### Task to carry out
All the data should be repeated exactly. Any image in it is left out.

### The data
^^^^

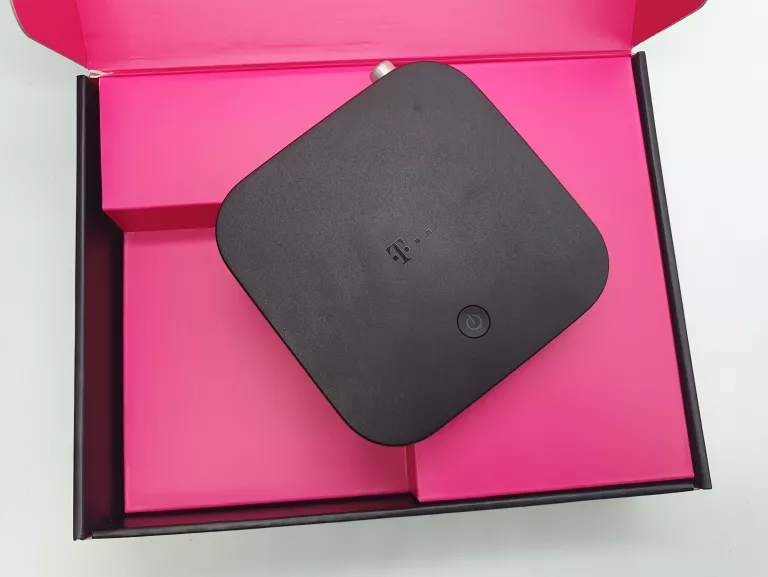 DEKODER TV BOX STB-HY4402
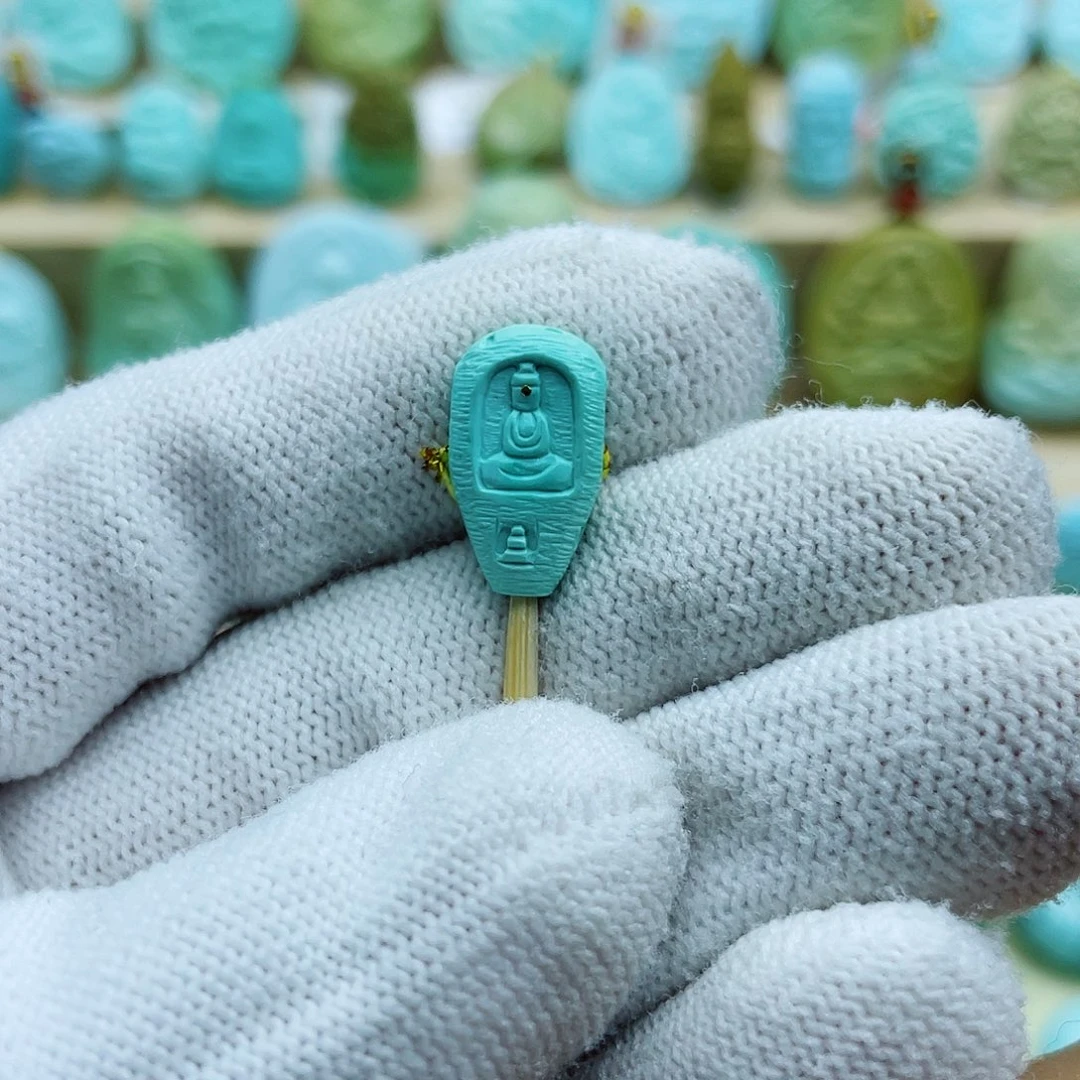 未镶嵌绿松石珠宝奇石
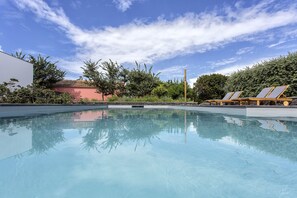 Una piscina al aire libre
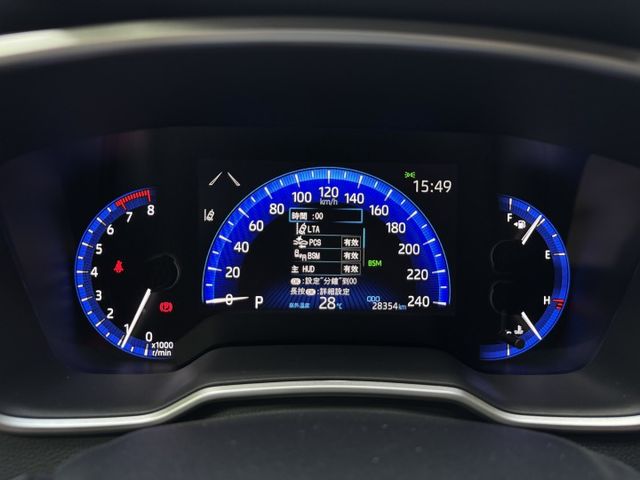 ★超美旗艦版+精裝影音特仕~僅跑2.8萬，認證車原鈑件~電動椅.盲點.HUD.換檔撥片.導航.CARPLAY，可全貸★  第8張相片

^^^^

### Response to the exercise
 DEKODER TV BOX STB-HY4402
 未镶嵌绿松石珠宝奇石
 Una piscina al aire libre
 ★超美旗艦版+精裝影音特仕~僅跑2.8萬，認證車原鈑件~電動椅.盲點.HUD.換檔撥片.導航.CARPLAY，可全貸★  第8張相片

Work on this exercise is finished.